I’ll be honest, apart from mainstream media attention I have to admit I didn’t know too much about Steve Jobs other than his “Apple” life story. I was interested into seeing his personal life and how he became one of the most powerful men in the technology world. This movie doesn’t do this and although the cast of Ashton Kutcher (Steve Jobs), Josh Gad (Steve Wozniak) JK Simmons (Arthur Rock), Dermot Mulroney (Mike Markkula) and Matthew Modine as John Sculley is very steady. The movie is more a time line of his life (to an extent) and the company.

This is where the problem lies with “Jobs” it isn’t sure what it is meant to be projecting as Jobs personal life is portrayed in bullet points and only skims the surface of the man and his personal problems. It also displays a lack of pace and the fluidity appears start / stop at times. I learned that he had a daughter Lisa that he denied for a very long time and it’s not until later on in the movie it appears he had a change of heart and a teenage Lisa is portrayed and in his life at this point. There was no emotional storytelling in relation to this or to others which I felt was a missed opportunity.

Away from these issues I learned more about the business side of Apple and Jobs relationship with his board and colleagues. Kutcher portrays him as best as he could and picks up some of the mans traits and mannerisms which I should give him credit for. Kutcher in my opinion isn’t the greatest actor in the word but his scenes with Josh Gad as Steve Wozniak were fun and lightened the story with humour between them.
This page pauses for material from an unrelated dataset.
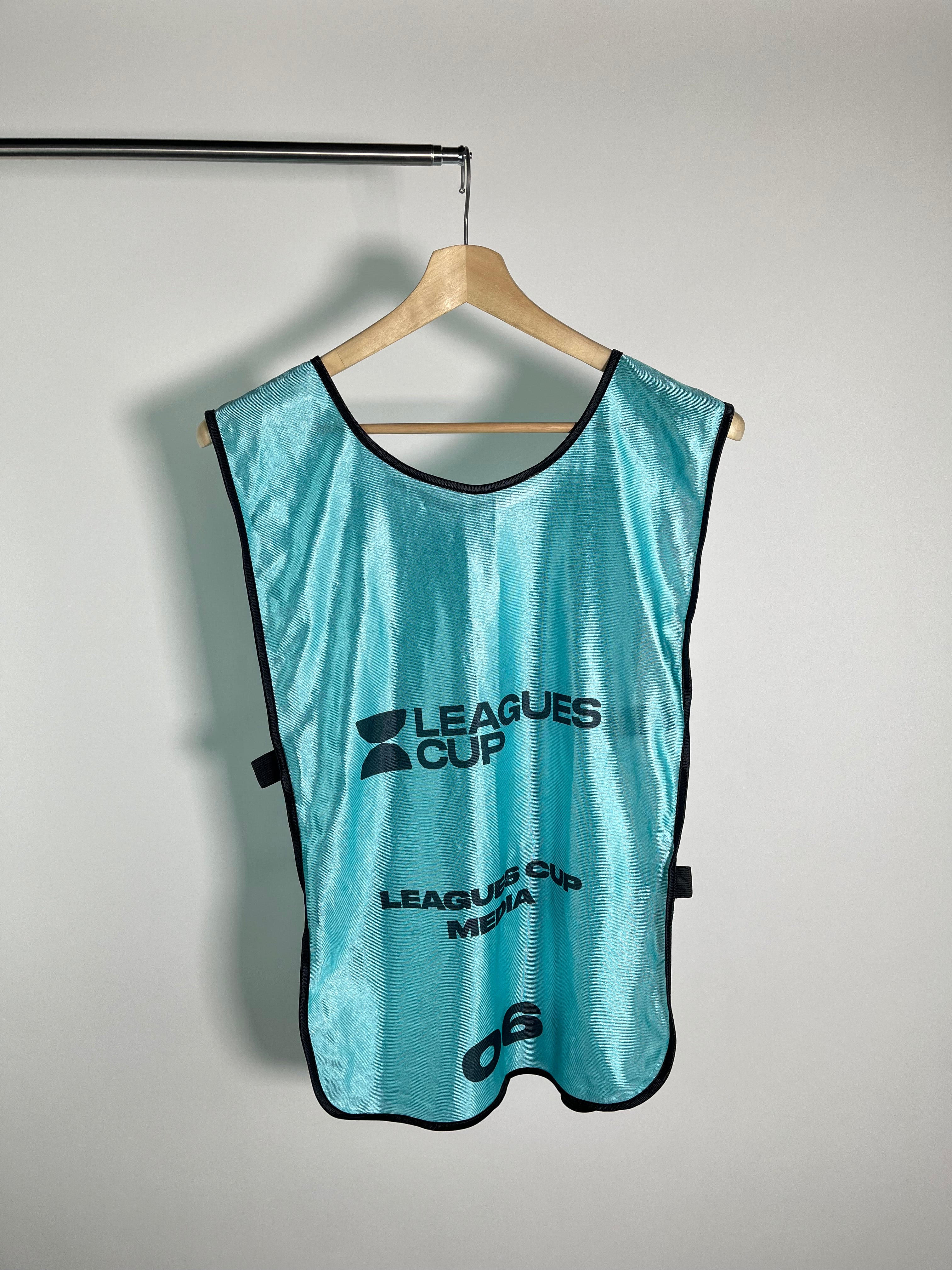 Casaca Leagues Cup Entrenamiento 2023 Utileria (Unitalla)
Josh Gad to me was the best thing in the movie and although I didn’t know much about Wozniak other than what most folk know about him through various interviews, this movie gave you an insight into what it was like to be Steve Jobs’ colleague, company partner and friend.

With a supporting cast of Mulroney, Simmons and Modine this is another saving grace to the film and particularly Mulroney’s portrayal of Mike Markkula who is the long suffering business partner of Jobs who endured some awkward moments throughout the film protecting Jobs in particular during the boardroom scenes that both Simmons and Modine excelled in.

Another positive throughout the movie is the soundtrack. From Cat Stevens’ “Peace Train” and Bob Dylan’s “Boots of Spanish Leather” to the brilliant “Life’s Been Good” by Joe Walsh which add to the era and fit well into the story.

In summary, if you wish to learn more about Steve Jobs I wouldn’t recommend getting that from this movie. That’s not to say it’s a bad film. “Jobs” is interesting enough to keep you entertained for a couple of hours and learn a few things about how “Apple” began in a garage and what it became today which is quite astonishing. Just don’t look for a deep thought provoking insight into one of the most brilliant minds of a generation.